The leader of Jobbik, one of Europe’s largest far-right parties, held a rally in London on 26 January.
Jobbik, which is now the third-biggest party in Hungary, campaigns on an explicitly anti-semitic, anti-Roma platform. Its paramilitaries violently attack Roma communities, while its parliamentary statesmen denounce Zionist conspiracies and demand that the government draw up lists of influential Hungarian Jews.
With elections in Hungary approaching, Jobbik’s leader, Gábor Vona, came to London to drum up support amongst the city's large Hungarian community.
Jobbik supporters were due to meet at Holborn tube station, but on their arrival discovered over a hundred anti-fascists gathered at the entrances. Protected by a thick line of police, the fascists were trapped in the ticket hall for several hours. Eventually police ushered them back onto the trains, relocating the rally to Hyde Park.

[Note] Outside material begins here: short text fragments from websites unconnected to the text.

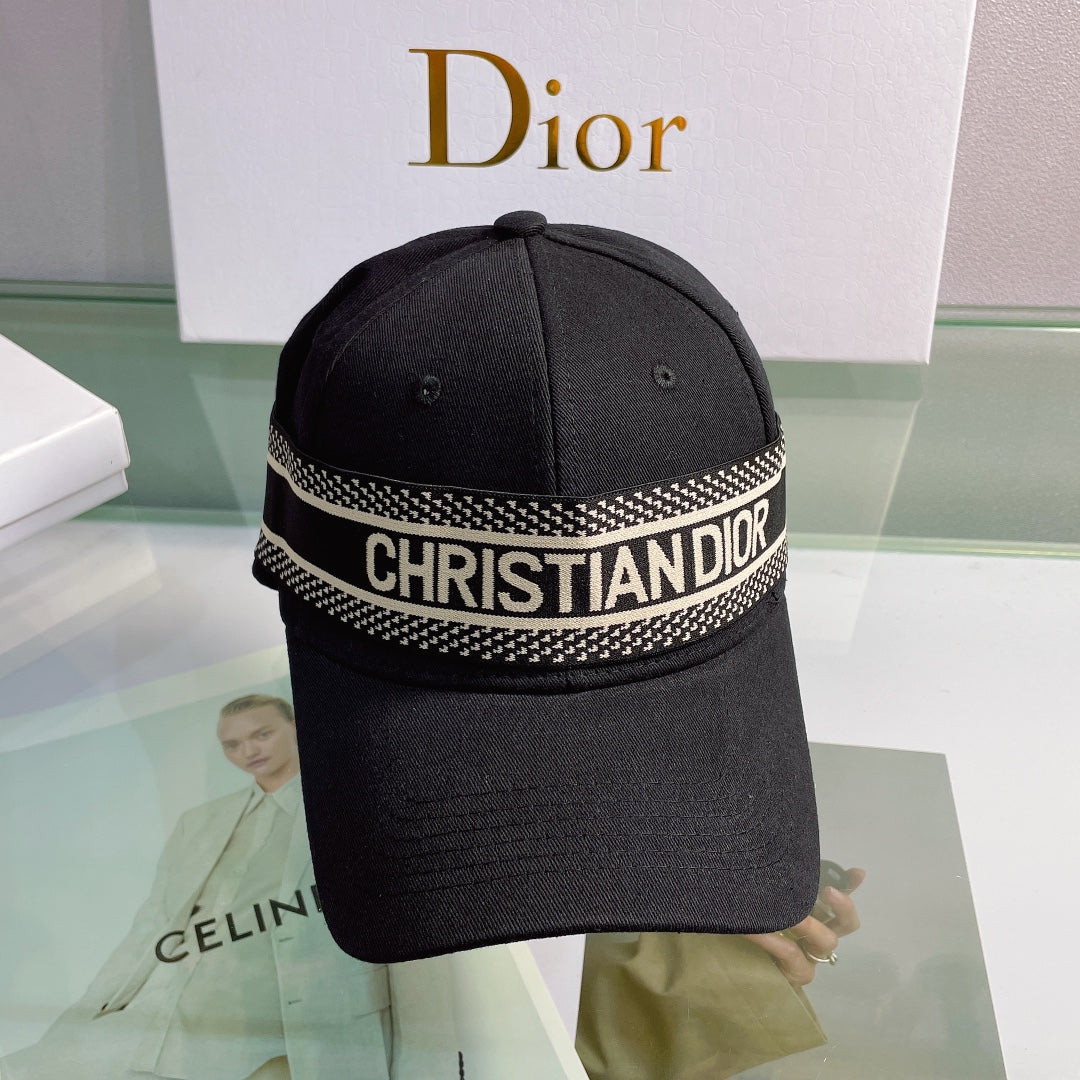 Christian Dior Oblique Web Baseball Cap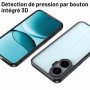 Heioloo Coque pour Xiaomi Poco F7 Étui de Protection Transparent Housse Dos Rigide en PC, Résistant aux Rayures, Aux Chocs Coque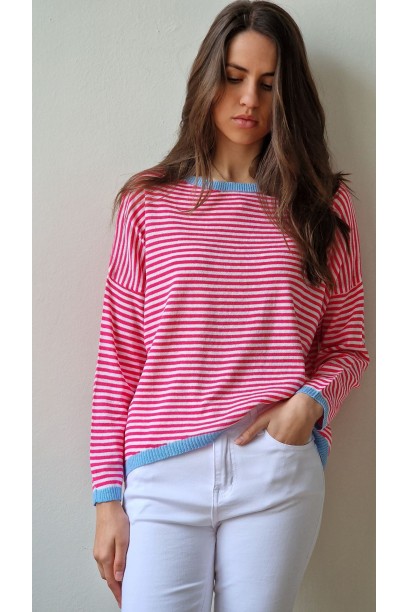 Jersey de mujer cuello caja...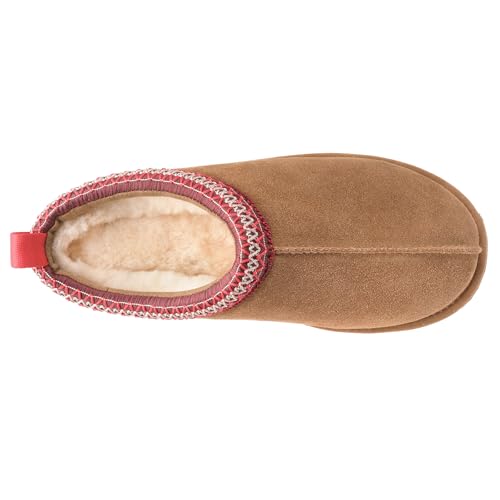 Parfeying Women’s Sheepskin Slippers with Shearling Fur Lining, Genuine Suede Upper, Cozy Fuzzy House Shoes for Indoor Outdoor, Memory Foam Winter Slip-On3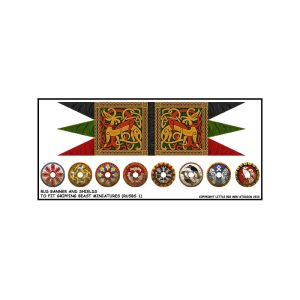 Pagan Rus Banner & Shield Transfers 1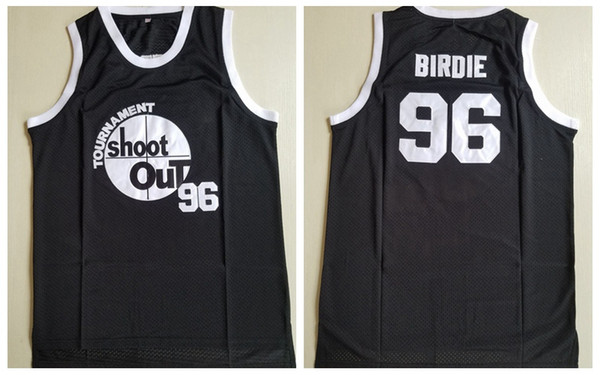 Men's Above The Rim Basketball Jersey Black Stitched Tupac Shakur #96 Birdie Tournament Shoot Out Jersey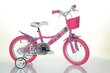 Laste jalgratas Bimbo Bike 16" Girl Butterfly, roosa цена и информация | Jalgrattad | kaup24.ee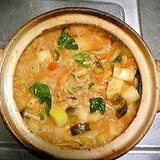 野菜たっぷり☆豚汁雑炊withキムチ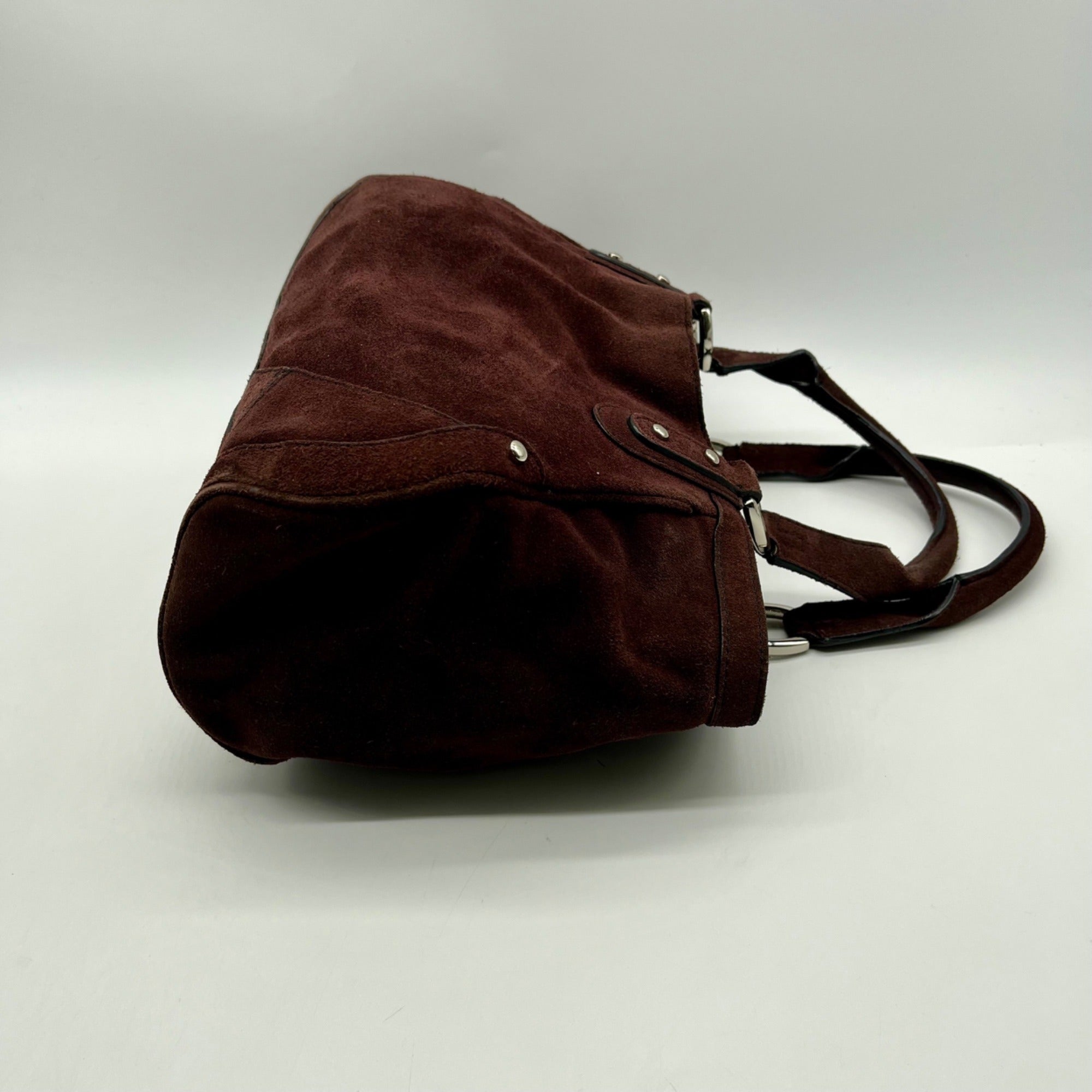Cole Haan Brown Suede Shoulder Bag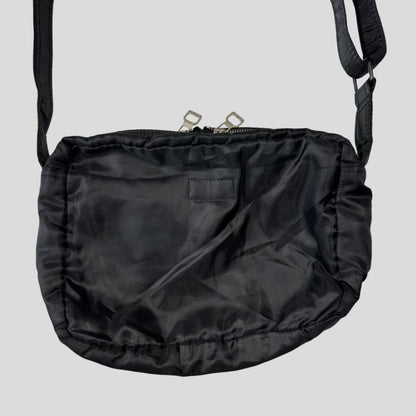 Porter 00’s Black Nylon Tanker Multipocket Crossbody Bag | O/S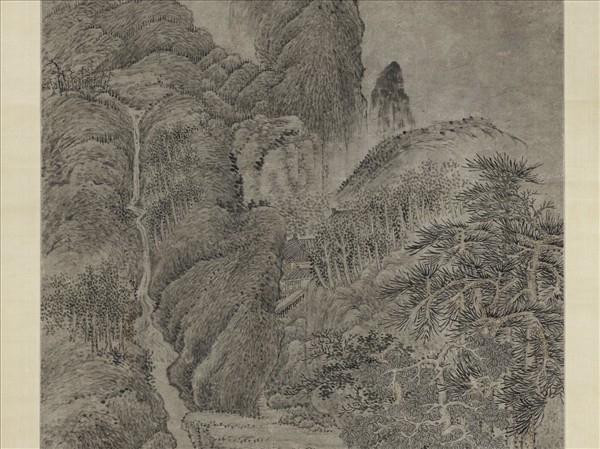 元王蒙山水　軸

The Holborn protest was one of the more effective anti-fascist mobilisations I have seen. Unite Against Fascism (the SWP-controlled front that dominated proceedings) has earned itself a bad reputation for organising stationary, passive protests away from where fascists congregate. However, in Holborn, the anti-fascist mobilisation was effective in physically blocking and disrupting the fascists’ attempts to go about their business.
Scuffles between anti-fascists and groups of Jobbik thugs trying to find their way around central London continued throughout the day.
Encouraging also was the number of Hungarians who joined the anti-fascist crowd.